### TASK:
When you reach the line in the listing below that contains "Hey everyone, I'm", begin returning lines exactly as written, and stop after the line that contains "Item Shape: Round.". Return no other lines.

### DATA PROVIDED:

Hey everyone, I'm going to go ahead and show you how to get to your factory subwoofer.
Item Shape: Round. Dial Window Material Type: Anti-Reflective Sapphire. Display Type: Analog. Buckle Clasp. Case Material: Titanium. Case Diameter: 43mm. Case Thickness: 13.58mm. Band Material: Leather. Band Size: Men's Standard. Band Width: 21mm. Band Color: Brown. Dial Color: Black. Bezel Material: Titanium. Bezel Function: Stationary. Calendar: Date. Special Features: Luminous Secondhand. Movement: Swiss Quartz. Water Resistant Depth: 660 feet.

* * *

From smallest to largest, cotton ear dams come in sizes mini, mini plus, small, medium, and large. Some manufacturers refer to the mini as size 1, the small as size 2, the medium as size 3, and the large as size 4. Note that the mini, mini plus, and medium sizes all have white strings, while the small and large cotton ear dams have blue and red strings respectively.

### EXPECTED OUTPUT:
Hey everyone, I'm going to go ahead and show you how to get to your factory subwoofer.
Item Shape: Round. Dial Window Material Type: Anti-Reflective Sapphire. Display Type: Analog. Buckle Clasp. Case Material: Titanium. Case Diameter: 43mm. Case Thickness: 13.58mm. Band Material: Leather. Band Size: Men's Standard. Band Width: 21mm. Band Color: Brown. Dial Color: Black. Bezel Material: Titanium. Bezel Function: Stationary. Calendar: Date. Special Features: Luminous Secondhand. Movement: Swiss Quartz. Water Resistant Depth: 660 feet.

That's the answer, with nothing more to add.